After my meet, I rank at #5 (tied with another lifter) in the country in my weight class. My squat ranks at #10 in the 105 lb class, my bench #8, and my deadlift #4. I totaled 611 at this meet and won best female lifter.
There’s the press-release version of my experience on April 20th. I achieved a top-ten-ranking total, which I wanted, and I succeeded at making weight, which was a victory in itself. That said, the weight cut and its aftermath was probably the hardest thing I’ve ever done in my life. The cut was psychologically taxing in a way I’ve never been psychologically taxed. The new experience of cutting weight and THEN competing had me drained by the end of this past Saturday.
I did not count on the cut being as difficult to recover from as it was. To reference a popular meme, one does not simply eat a sh*t ton of food after a weight cut and drink a lot in order to make up for the time spent fasting. Depending on who you are, and particularly if you are me, your stomach may have shrunk during your fasting period. It’s literally impossible to eat at the quantities I’m normally quite good at eating–carb loading doesn’t work during a weight cut recovery, at least not in the way one normally might go about it. By the time the morning of the meet arrived, I wasn’t where I normally am in terms of carb-loading weight the day of a meet.
Top this off with a fantastic, anxiety-induced bout of spastic colitis the day of the meet and you have less-than-optimum conditions to go and lift fantastically. I don’t really have spastic colitis, it seems, except for when I do meets–I had the issue at the last one too, but not remotely as severely. I walked around in pain for most of meet day, and the pain immediately went away when deadlifting was done. This means that I have GOT to come up with a way to manage meet anxiety in the future. It seems that this condition, related to anxiety, runs on my mother’s side of the family, and it’s something I need to take into account when competing.

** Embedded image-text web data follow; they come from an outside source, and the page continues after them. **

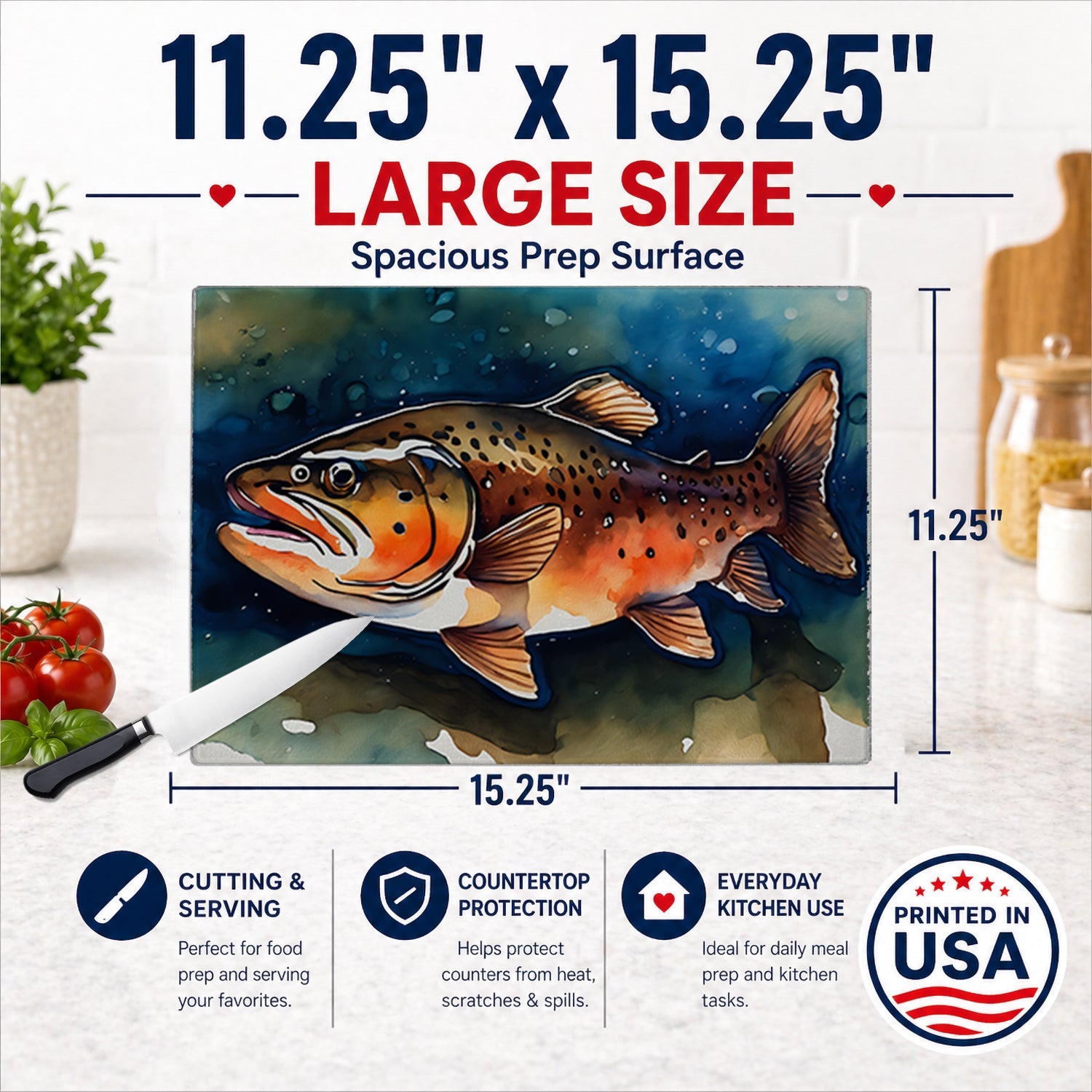 Brown Trout Cutting Board Tempered Glass Kitchen Cutting Surface, Heat Resistant Chopping, Non-Slip Feet, Food Prep & Serving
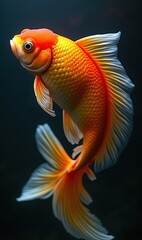 Fototapeta premium A vibrant goldfish gracefully swims against a dark background, showcasing its colorful fins and scales, perfect for aquarist themes or nature-inspired designs.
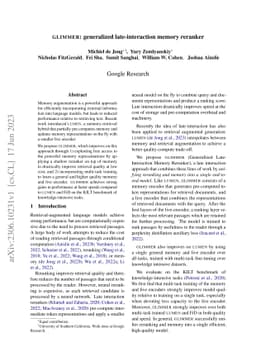 GLIMMER: generalized late-interaction memory reranker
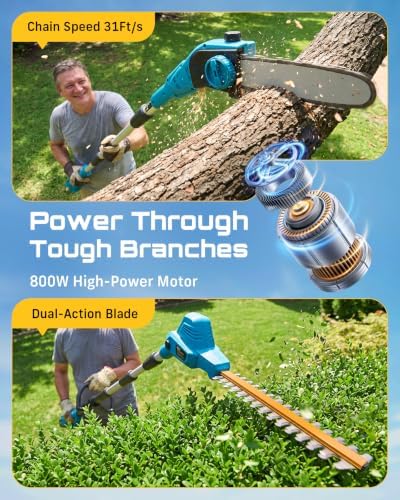 SEESII Cordless Pole Saw and Pole Hedge Trimmer Combo, 2-in-1 40V 4.0Ah Kit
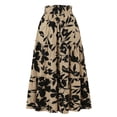 thumbnail image 2 of Skirts for Women Skirt Elegant Floral Pleated Midi Skirt for Women Lightweight Comfort A-Line Design Summer Fashion High-End Khaki M, 2 of 8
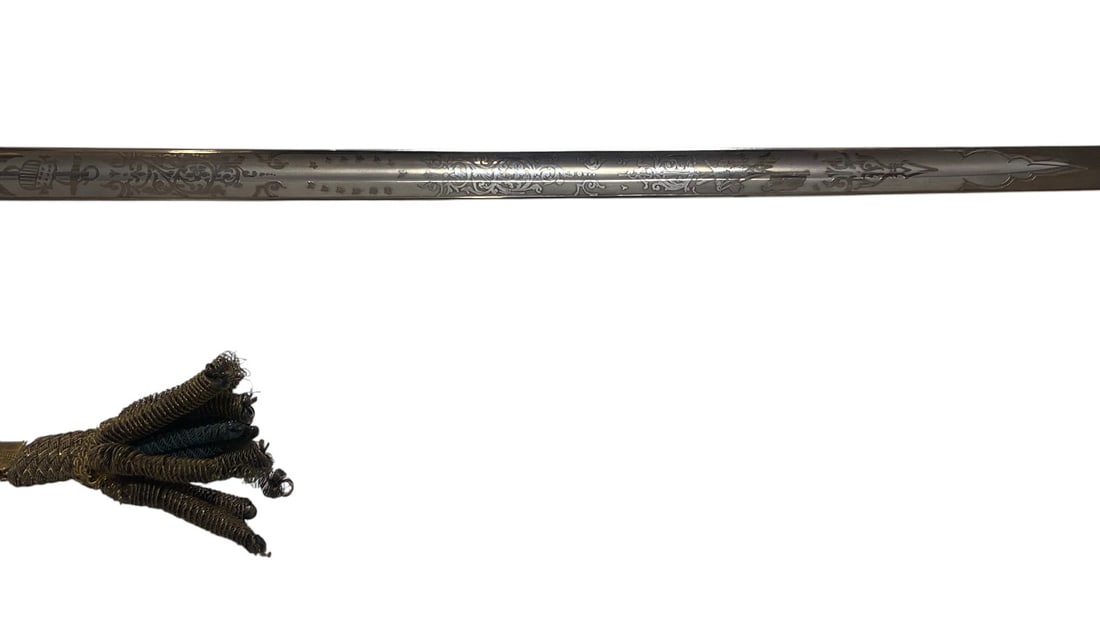 Scarce Original U.S. Civil War M1852 USN Navy Officer's Sword with Scabbard & Hanger Chain - 7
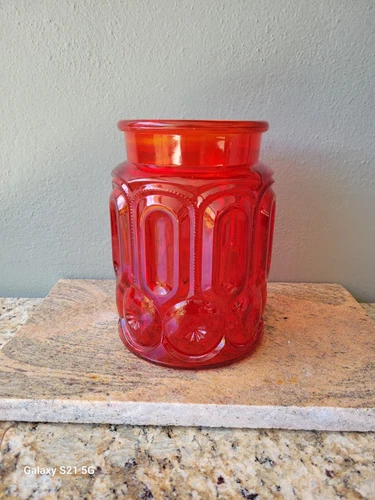 VINTAGE L. E. SMITH AMBERINA MOON AND STARS CANISTER JAR NO LID 7.75 in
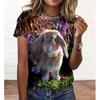 Cute Rabbit Pattern T Shirt For Women Funny Animal 3D Printed Tees Summer Loose Tops Short Sleeve Round Neck T-Shirts Streetwear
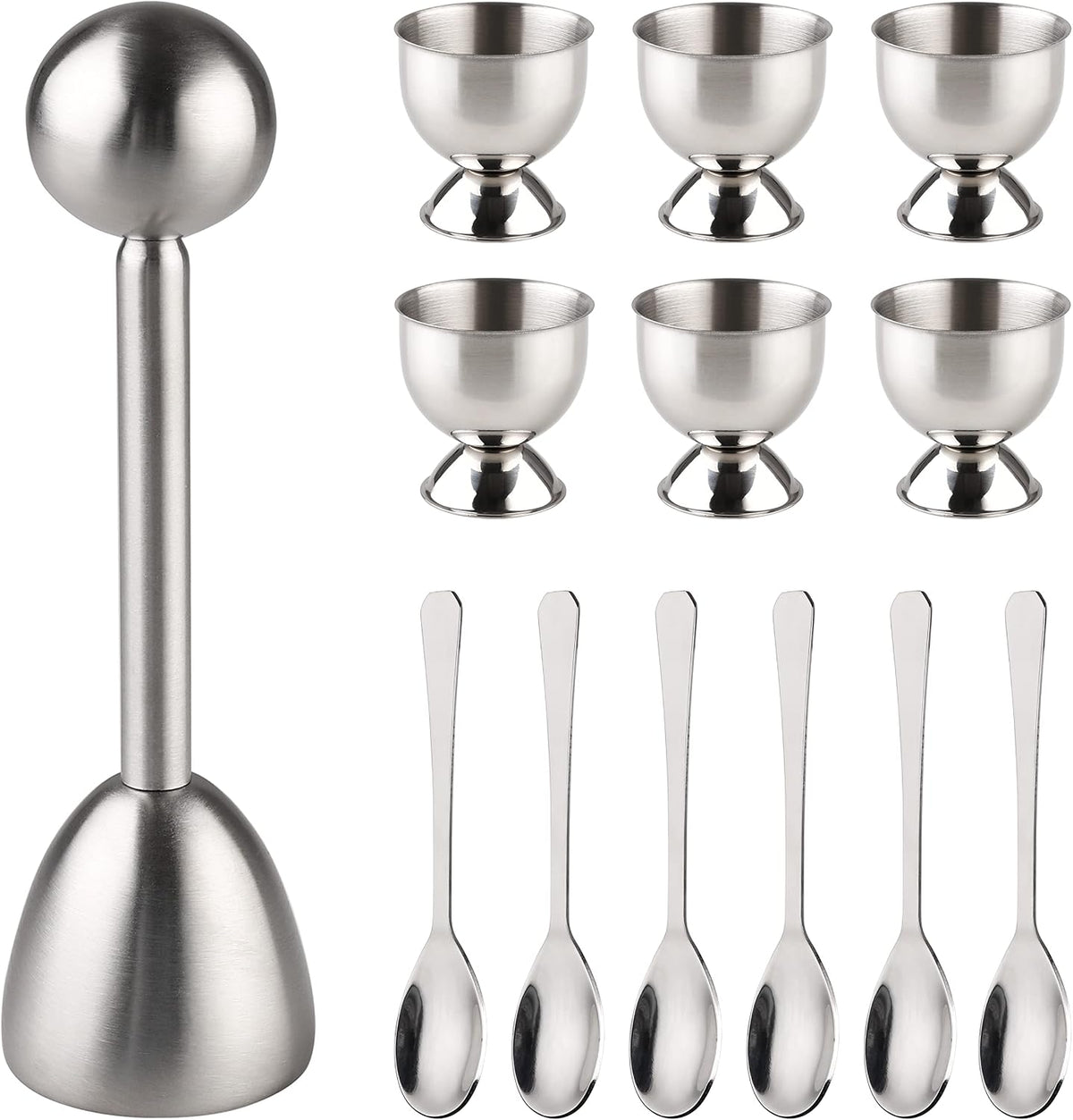Egg Cracker Topper Set of 13 Egg Cups for Soft Boiled Eggs Tool Set Includes 1 Egg Topper Cracker 6 Egg Cups 6 Spoons (egg cup 13)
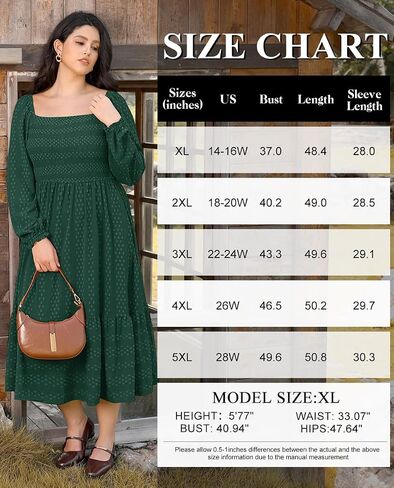 RITERA Plus Size Fall Dresses for Curvy Women Maxi Wedding Guest Long Sleeve Smocked Swiss Dot Winter Dress Pockets XL-5XL in Saudi Arabia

This leads me to perhaps the most important part of this writeup–I’m pretty sure I forgot to have fun at this meet. My anxiety levels were so absolutely through the roof at this meet that I was unable to put it and its outcome in perspective. I do not want this to be the case for the July meet. To be completely honest, I remember walking around at the meet and thinking “this is not good–I’m not enjoying this or having fun, and that is NOT a good sign.” Meets are exhausting but they shouldn’t feel like you’re living out a personal hell. My other two meets WERE fun. I believe a meet CAN be fun even if I’m cutting weight for it–it’s all in how I perceive it. I put so much pressure on myself to do well as a 105-er that I completely melted down. This is what makes this meet bittersweet–I did quite well, particularly considering I dropped a weight class, I made a PR total, and I am now ranked quite high on a national level in the sport. These are all good things, but my poor management of my mental inclinations towards apprehension, worry, excessively high standards, and placing undue, disproportionate amounts of pressure on myself absolutely sabotaged some elements of this meet for me. I learned about myself physically, but even more mentally. Yes, this is a sport intently focused on the body, but the growth I’ve mentally experienced over the one year I’ve been engaged in powerlifting has to eclipse the physical gains I’ve made. I have no doubt of this.

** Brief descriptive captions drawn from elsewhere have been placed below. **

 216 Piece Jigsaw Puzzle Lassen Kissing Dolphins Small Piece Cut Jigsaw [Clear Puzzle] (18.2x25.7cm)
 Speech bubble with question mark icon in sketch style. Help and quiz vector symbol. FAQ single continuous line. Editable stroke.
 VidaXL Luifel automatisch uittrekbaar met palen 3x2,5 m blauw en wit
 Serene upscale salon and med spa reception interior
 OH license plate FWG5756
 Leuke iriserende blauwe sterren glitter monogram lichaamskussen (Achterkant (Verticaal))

I did get in some relatively decent lifting despite some of the conditions I’ve described here. Here’s a video of my deadlift:
My anxiety did quiet periodically during the meet. When I focused on other lifters on my team, it was probably at its lowest. Kyle pulled a 573 deadlift–which was absolutely the highlight of the meet for me–and his deadlift is now ranked the #2 deadlift in this weight class (148 lb) in the country. Some of our lifters had outstanding meets, with Kevin Alvarez (competing in the 220 lb weight class) taking the best male lifter award and having a stellar performance with a 611 squat.
We had multiple lifters doing their first meet with us, and I was happy to help and guide them in any way I could on that day. Working with the team brought me the most joy out of this day, and it is a large part of why I love competing.
So I’m in recovery now, doing what I like to call a “reload” week of very light training coming out of the meet, which was only a few days ago. I am SO happy to be back in the gym, and so happy to be allowed to eat salt again. My weight is 110.2 lb as of this morning, so I didn’t manage to gain a few pounds (and I’m talking body mass, NOT water retention) with the weekend like I have in the past. This all adds up to one inevitable conclusion: I deserve some freaking onion rings.